NAS - ECC worth 2x the cost?

Hi Guys so I have done some pricing for my new NAS and now it comes down to whether or not I want ECC.

Intel Build:
i5 13400 - £135
Motherboard - £86 (Don’t really care m-atx)
£80 - 32GB DDR5 (non ECC)

AMD Build:
7400f - £107
Asus B650 Board - £120
16gb DDR5 ECC Kingston Ram - £96
Arc A310 - £96 (plex transcoding)

Now the NAS will literally just be a file store for plex and maybe next cloud on UnRAID (xfs because I have random sizes drives kicking around)

It comes to an almost £200 delta just for ECC (considering I am also buying an intel gpu for better transcoding). In the UK the second hand market for parts isn’t as good as the states so our deals on server parts are sparse and rare.

The rest of the system will cost me around £778 for case, psu, ssd and 2x 16TB drives.

Any words of wisdom for the community? I don’t think I will care Too much if some video files get corrupted etc but if I run next cloud with photos I might. Could be worth exploring cloud back ups instead of ecc?

Bearing in mind that another forum member noted to me that the AM5 platform isn’t as power efficient as the intel platform as it stands (unless you pick an APU which you need a pro variant in order to get ECC).

I’m willing to bet that you likely dont want to go bottom of the barrel when it comes to motherboards.

1 Like

AMD build motherboard pricing was just to pick something known to be compatible with ECC. From the rabbit whole of AM5 ecc compatibility - its worrying to buy a motherboard and ram combo and have it not be compatible

From my personal experience of running 3rd gen i5 with 16GB of DDR3 as a home server for 6 years without ECC:

I can’t think of an issue that was ever caused by a bit flip in the RAM

So you probably can buy the non ecc ram and then 4 years from now when prices come down for this type of memory just buy a new set, I’m pretty sure there will be a lot of decommissioned servers then.

How do you know? You can’t, because everything on a computer relies on the CPU for data, everything downstream just treats it as validated and correct and applies their error correction on corrupt bits. Because most stuff has some kind of ECC, but people skip the top of the chain, namely the CPU.

There are already a lot of decommissioned servers now.
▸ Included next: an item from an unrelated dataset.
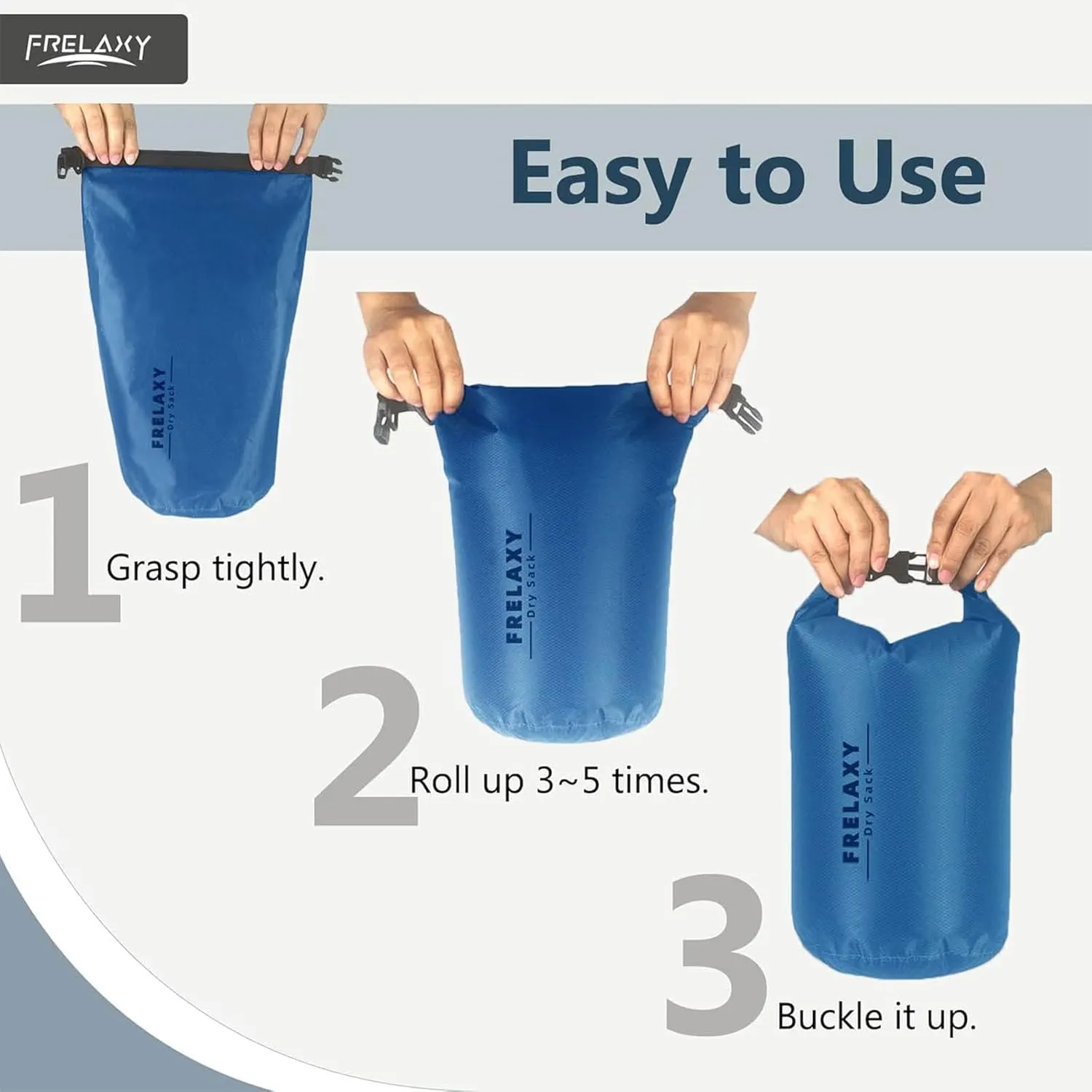 Frelaxy Waterproof Dry Bag 2 Pack/3 Pack, Lightweight Portable Dry Bags, 5L & 15L & 25L Durable Dry Sack Set Keep Gear Dry for Hiking, Camping, Boating, Backpacking, Kayaking (3 Pack - Blue)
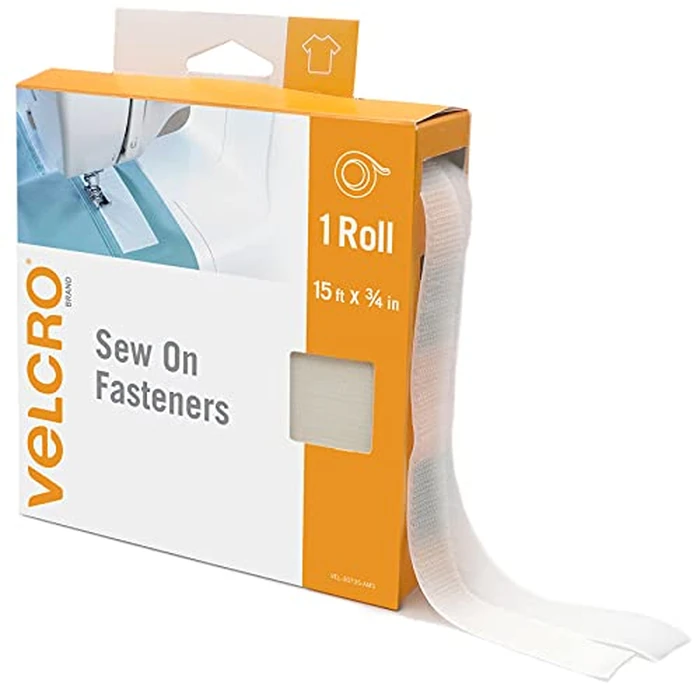 Velcro Brand Sew On Fabric Tape - Substitute for Snaps Buttons or Zippers - Alterations and Hemming - Bulk Pack Hook and Loop Fastener, White, ¾ in x 15 ft by VELCRO Brand - Used - Like New condition - US$8.84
DDR4 is rather cheap last-gen. Relating to “in 4 years” is just kicking the can down the road.

2 Likes

DDR5 ODEC2 + rwCRC mostly exceeds EC4 SECDED. So it’s mainly about how you’d monitor and action EC4’s edge case SEC increase and DED logging as file data’s moving on and off the server.

This seems quite low in size and high in price. If you do go the ECC route, the one benefit I’ve heard of is that it’s easier to tell if you have a RAM stick dying. Not sure of the specifics as I’ve never dealt with those OS’s. So buying used of Ebay will probably net you cheaper and/or more RAM.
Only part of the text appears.